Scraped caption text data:
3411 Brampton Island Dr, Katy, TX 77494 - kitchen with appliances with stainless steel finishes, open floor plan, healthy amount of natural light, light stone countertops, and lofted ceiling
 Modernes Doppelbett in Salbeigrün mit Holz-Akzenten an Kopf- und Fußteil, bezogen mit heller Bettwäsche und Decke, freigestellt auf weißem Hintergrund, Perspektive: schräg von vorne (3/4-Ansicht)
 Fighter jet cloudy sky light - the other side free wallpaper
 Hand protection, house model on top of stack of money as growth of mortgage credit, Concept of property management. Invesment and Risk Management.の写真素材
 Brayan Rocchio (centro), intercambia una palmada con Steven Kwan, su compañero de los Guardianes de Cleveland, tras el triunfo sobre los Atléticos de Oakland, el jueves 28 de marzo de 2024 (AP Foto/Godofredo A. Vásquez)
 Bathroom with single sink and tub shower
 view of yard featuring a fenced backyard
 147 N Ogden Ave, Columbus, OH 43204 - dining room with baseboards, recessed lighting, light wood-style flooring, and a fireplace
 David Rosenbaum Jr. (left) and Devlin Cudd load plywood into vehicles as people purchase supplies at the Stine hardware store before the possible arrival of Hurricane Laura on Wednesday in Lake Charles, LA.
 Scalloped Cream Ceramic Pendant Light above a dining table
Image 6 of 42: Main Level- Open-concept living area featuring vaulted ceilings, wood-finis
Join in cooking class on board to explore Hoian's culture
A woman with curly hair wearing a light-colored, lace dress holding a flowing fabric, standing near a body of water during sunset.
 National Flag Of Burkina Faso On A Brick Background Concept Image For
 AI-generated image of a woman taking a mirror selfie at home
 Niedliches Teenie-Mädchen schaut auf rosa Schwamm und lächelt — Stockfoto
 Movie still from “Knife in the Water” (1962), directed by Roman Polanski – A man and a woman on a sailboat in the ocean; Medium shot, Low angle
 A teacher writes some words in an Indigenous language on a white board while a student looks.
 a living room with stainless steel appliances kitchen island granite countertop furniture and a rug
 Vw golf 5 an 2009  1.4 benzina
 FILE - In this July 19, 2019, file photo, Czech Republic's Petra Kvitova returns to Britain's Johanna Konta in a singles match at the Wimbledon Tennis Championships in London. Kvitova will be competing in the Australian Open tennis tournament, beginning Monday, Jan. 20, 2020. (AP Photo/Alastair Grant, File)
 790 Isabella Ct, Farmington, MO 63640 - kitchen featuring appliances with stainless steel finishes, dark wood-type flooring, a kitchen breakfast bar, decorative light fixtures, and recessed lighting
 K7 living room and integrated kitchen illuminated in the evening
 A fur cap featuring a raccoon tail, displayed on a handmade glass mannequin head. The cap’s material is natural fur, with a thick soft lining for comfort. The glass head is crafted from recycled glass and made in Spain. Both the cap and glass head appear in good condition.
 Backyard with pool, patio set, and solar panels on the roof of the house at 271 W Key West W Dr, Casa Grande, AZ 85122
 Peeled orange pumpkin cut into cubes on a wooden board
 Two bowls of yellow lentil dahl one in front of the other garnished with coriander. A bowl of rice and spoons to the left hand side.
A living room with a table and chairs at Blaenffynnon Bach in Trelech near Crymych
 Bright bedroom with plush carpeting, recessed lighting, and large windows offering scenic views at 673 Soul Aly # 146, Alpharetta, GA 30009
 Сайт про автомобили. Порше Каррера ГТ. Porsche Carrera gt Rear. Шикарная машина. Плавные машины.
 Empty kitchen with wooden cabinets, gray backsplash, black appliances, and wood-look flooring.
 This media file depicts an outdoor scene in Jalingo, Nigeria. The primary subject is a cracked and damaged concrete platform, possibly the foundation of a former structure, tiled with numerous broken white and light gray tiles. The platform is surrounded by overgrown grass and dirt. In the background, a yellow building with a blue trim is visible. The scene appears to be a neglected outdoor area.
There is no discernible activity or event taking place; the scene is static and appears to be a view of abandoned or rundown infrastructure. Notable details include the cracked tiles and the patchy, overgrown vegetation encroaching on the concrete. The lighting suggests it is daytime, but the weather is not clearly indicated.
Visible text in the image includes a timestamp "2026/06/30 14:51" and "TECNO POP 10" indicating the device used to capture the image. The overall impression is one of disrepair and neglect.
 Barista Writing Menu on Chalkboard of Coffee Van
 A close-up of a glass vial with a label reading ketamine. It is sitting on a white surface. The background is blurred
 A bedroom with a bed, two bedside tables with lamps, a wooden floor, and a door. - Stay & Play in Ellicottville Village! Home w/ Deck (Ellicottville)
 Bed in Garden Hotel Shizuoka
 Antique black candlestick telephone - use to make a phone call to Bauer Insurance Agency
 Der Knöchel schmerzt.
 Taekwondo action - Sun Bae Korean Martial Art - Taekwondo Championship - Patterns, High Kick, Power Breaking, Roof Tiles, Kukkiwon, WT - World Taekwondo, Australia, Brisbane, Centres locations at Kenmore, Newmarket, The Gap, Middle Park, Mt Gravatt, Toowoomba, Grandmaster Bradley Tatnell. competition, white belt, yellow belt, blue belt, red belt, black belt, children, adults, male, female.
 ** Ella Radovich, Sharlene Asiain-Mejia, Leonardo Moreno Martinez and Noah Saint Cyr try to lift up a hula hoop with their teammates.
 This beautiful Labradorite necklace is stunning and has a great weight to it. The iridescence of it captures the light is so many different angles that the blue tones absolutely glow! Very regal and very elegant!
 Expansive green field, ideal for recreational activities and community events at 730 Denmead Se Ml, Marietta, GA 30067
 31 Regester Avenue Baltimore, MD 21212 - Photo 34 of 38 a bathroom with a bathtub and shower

AIM OF THE EXERCISE: Produce only the lines from the line containing "A close-up of" through the line containing "Der Knöchel schmerzt.", inclusive of both, exactly as they stand in the entries above.

OUTPUT OF THE EXERCISE:
 A close-up of a glass vial with a label reading ketamine. It is sitting on a white surface. The background is blurred
 A bedroom with a bed, two bedside tables with lamps, a wooden floor, and a door. - Stay & Play in Ellicottville Village! Home w/ Deck (Ellicottville)
 Bed in Garden Hotel Shizuoka
 Antique black candlestick telephone - use to make a phone call to Bauer Insurance Agency
 Der Knöchel schmerzt.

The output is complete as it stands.